Removing stop words (-ras=2) not having any effect

If I do a search for “accounting and finance” I get no results. However, if I do a search for “accounting finance” (removed “and”) I get lots of results. I came across your config docs regarding removing stop words so I’m trying to set that up, however I’m not seeing any improvement for “accounting and finance” .. it’s just the same as before. Is there anything else I need to configure?

Here is my collection.cfg

query_processor_options=-stem=2 -fmo=true -SM=both -SF=[a,c,d,9,Z,A,B,S,M,D,T,C,L,E,l,U,V,X,j,k,m] -MBL=1000 -SHLM=1 -ras=2

Hi Bitz,

Could I check if you are using the quotation marks (" ") in your query?

Something to note is that the removal of stop words does not kick in for queries using the phrase operator.

e.g. json result for the query for query and operators on the Funnelback documentation website:

json result for query for "query and operators" on the same collection

Hope this helps.

Thanks,

~Gioan

Yeh that seems to be the issue:

"query": "",
"queryAsProcessed": "[accounting \"accounting finance\" \"accounting and mathematics statistics\" \"accounting business law\" \"accounting business enterprise\"] [andersonian \"and tourism management\" \"and creative writing french\" \"and creative writing\"] [finance finance finance finance finance]",
"queryRaw": "",
"querySystemRaw": "[\"accounting\" \"accounting finance\" \"accounting and mathematics statistics\" \"accounting business law\" \"accounting business enterprise\" ] [\"and\" \"andersonian\" \"and tourism management\" \"and creative writing french\" \"and creative writing\" ] [\"finance\" \"finance\" \"finance\" \"finance\" \"finance\" ]",

Because I’m using a script similar to this:

But when I remove this script the ras option works and the stop word (“and”) is removed. Then I see results:

"query": "accounting and finance",
"queryAsProcessed": "accounting finance",
"queryRaw": "accounting and finance",
"querySystemRaw": null,
"queryCleaned": "accounting and finance",

But now I’ve lost allowing partial queries :frowning:

Within the script above, before it fetches suggestions for the query, to strip out stop words at that stage - is this a good idea? If so, is there a means of fetching my list of stop words for this collection within the script, rather than hard coding them in, and then I can strip them out before proceeding with the rest of the script fetch suggestions?
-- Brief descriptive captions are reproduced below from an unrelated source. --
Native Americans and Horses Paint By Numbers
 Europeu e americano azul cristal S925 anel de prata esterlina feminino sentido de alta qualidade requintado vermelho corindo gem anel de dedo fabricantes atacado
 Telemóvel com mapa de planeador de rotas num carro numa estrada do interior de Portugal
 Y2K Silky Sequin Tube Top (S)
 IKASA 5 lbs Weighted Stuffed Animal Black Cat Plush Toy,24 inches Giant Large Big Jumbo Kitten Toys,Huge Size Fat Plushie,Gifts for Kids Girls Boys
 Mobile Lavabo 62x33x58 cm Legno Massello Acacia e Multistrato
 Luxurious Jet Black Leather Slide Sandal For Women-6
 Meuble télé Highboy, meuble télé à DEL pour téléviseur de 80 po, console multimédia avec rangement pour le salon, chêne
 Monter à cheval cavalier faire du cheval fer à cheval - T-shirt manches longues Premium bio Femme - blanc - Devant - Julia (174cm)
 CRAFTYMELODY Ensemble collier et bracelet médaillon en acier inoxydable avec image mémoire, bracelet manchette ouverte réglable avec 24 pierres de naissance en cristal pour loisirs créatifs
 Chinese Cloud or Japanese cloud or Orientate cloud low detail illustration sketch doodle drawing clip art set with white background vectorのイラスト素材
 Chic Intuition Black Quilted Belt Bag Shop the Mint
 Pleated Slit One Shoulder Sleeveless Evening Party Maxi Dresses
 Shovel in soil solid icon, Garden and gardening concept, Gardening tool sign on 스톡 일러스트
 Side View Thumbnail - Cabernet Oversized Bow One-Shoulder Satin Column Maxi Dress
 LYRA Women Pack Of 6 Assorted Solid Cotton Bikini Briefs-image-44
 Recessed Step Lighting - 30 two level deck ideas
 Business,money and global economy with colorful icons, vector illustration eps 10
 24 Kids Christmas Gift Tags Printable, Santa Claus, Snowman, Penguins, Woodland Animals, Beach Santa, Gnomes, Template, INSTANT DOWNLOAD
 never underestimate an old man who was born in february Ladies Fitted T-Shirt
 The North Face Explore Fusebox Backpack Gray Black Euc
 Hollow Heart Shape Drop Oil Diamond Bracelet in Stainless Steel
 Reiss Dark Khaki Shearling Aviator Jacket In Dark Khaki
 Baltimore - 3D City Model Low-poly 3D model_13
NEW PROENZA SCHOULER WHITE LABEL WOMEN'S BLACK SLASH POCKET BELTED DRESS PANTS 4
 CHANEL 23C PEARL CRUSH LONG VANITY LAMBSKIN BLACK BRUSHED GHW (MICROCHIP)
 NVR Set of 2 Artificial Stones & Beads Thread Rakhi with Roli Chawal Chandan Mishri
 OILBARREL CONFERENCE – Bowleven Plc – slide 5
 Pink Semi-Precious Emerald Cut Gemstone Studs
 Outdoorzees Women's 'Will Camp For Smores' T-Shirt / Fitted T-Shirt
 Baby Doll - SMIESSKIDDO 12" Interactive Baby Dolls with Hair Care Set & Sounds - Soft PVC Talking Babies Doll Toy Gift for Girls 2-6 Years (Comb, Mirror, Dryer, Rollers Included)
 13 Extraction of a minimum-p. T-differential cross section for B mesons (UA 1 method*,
Otherwise, do you have any suggestions how I can continue to allow partials queries, but also remove stop words?

In the meantime, I’ve just added to the script as we need to not have our results limited by stop words (e.g. “accounting and finance” ) AND allow partial queries (e.g. “chem” → “checmistry”):

...
def terms = q.query.tokenize(" ");

// something of a hack as we need to remove stop words from the query 
// If there is a better way to fetch this list from the environment, please do.
// See: https://docs.funnelback.com/customise/advanced-options/stop-words.html
def stopWords = ["a", "a's", "able" ... "yourselves", "z", "zero"]
terms.each {
    def term = it
    if (stopWords.indexOf(term) > -1) {
        terms -= term
    }
}

...
terms.each {

Ideally, I’d rather check that this query processor option is set to 2, and if so fetch stop words rather than have them hard coded like this.

It is a bit hack-ish, I know, but it seems to work for this collection, for now. Still, open to better suggestions…